System uname: 2.6.18-gentoo-r6 x86_64 AMD Athlon(tm) 64 X2 Dual Core Processor 4400+

Edit: Didn't see that moesasji already suggested CFQ and it seemed to not work for them.

However I notice a similarity:  They both are using SATA drives.

I too had trouble with SATA about a year ago.  It turned out the problem was a loose sata cable - the system kept working but there was many errors and retries which slowed everythign down.  The problem cleared up after replacing the cable. However even the new cable was still prone to causing problems if I jiggled it.  So I ended up tieing it all down with wireties and I never had this problem afterwards.

----------

## moesasji

Thanks Akkara for this suggestion.

I've tried wiggling slightly with the SATA-cable during extraction of a rar-file. 

It seems to have no effect on the output of dstat or on the responsive-ness of my system.

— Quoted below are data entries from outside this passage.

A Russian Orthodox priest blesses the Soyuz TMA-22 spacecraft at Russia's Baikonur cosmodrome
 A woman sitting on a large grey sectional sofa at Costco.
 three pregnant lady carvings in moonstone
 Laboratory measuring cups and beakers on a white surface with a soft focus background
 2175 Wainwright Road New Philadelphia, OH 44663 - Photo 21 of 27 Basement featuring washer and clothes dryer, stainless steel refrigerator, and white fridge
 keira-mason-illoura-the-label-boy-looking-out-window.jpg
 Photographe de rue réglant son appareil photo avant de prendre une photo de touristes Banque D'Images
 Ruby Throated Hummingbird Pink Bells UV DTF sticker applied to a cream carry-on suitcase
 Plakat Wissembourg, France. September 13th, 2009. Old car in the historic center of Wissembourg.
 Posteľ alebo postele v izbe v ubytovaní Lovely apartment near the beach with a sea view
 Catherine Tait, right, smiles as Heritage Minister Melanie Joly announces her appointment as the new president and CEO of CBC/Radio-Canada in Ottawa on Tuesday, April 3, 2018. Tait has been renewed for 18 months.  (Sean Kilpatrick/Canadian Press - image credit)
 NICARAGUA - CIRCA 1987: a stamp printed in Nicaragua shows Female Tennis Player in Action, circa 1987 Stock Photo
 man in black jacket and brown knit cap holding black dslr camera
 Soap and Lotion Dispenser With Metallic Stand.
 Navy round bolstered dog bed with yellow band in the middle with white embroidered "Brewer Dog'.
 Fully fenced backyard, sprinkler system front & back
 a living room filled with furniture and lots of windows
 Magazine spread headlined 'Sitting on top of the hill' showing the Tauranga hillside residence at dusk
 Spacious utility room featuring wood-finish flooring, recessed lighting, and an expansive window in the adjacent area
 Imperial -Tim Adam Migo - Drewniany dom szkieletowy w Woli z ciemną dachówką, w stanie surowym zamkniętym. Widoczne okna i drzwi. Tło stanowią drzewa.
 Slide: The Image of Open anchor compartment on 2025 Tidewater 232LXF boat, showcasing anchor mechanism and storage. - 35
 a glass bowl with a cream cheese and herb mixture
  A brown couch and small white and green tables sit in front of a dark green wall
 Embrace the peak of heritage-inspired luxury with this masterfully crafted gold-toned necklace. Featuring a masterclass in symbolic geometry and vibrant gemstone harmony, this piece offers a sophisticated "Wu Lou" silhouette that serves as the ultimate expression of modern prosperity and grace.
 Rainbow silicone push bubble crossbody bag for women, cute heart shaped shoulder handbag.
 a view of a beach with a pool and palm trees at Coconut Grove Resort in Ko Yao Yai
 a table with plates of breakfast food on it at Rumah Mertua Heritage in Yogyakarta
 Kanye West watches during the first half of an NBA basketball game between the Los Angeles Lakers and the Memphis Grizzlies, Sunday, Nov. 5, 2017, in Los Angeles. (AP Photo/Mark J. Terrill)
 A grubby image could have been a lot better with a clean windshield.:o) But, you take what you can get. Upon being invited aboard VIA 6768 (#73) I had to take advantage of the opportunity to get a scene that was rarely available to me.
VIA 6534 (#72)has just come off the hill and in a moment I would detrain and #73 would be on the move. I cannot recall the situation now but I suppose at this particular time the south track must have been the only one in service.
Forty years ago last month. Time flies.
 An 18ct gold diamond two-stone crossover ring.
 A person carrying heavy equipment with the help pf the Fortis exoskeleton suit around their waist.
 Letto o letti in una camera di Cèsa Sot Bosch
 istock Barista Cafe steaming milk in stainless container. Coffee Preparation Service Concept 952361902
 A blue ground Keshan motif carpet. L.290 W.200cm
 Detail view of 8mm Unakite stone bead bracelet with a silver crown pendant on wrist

Anyway, if k3b is calculating the checksum for an iso-file I see reading of typically 60-70MB/s from my HD.

That is about as high as it can get. So I find it difficult to believe that the problem would be in the cable. 

Note that if I try to open a simple terminal it only shows up after K3B is finished. 

Even though the terminal should be cached in memory and not have to come from HD.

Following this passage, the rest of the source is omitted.